(WORK ITEM): Produce as output only the lines below starting at the line with "Fendi Logo-embellished Leather Biker Boots" and continuing through the line with "Plastic Soap Dispenser, Yebeauty", each one exactly as written.

++++ RECORDED DATA ++++

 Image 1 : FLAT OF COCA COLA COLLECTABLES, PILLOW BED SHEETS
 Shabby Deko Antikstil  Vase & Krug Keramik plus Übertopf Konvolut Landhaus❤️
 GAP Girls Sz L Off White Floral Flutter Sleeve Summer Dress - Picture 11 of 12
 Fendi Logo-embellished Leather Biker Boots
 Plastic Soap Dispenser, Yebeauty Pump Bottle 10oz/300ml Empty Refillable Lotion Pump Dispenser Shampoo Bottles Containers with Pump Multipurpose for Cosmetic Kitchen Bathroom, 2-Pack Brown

++++
++++ RECORDED DATA ++++

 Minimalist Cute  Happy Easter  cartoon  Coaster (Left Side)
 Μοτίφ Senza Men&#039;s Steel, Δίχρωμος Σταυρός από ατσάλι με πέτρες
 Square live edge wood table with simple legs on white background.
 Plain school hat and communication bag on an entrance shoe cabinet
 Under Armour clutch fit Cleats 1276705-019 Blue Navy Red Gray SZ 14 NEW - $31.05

++++

(THE ANSWER):
 Fendi Logo-embellished Leather Biker Boots
 Plastic Soap Dispenser, Yebeauty Pump Bottle 10oz/300ml Empty Refillable Lotion Pump Dispenser Shampoo Bottles Containers with Pump Multipurpose for Cosmetic Kitchen Bathroom, 2-Pack Brown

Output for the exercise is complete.